For enterprise-focused companies like Salesforce.com, Postini, Quova and Rally, the story is similar. Add in a subscription-based recurring revenue stream and you have a business model that has all the benefits of a dependable revenue stream and profit margins that can approach those of a traditional software company. Thanks to the low cost and high performance of today’s hardware coupled with an elegant service architecture, Postini is able to process several hundred million email messages per day for its customers with an extraordinarily light hardware footprint and does so quite profitably as a result.
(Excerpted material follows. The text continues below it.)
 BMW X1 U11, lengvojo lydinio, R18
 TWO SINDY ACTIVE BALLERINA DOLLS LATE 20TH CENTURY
The fun thing about doing a retrospective like this is to realize that when I write about this again in 2015, the increases in CPU speed, memory density and bandwidth will make today’s costs and capabilities look as quaint as 1995’s do today. Thus the environment will continue to become more hospitable to the software-as-a-service model, more entrepreneurs will create meaningful businesses based on this model, VCs will continue to invest in these ideas (myself included), and we’ll all be able to enjoy some mind-blowing applications a decade from now that are simply not possible today.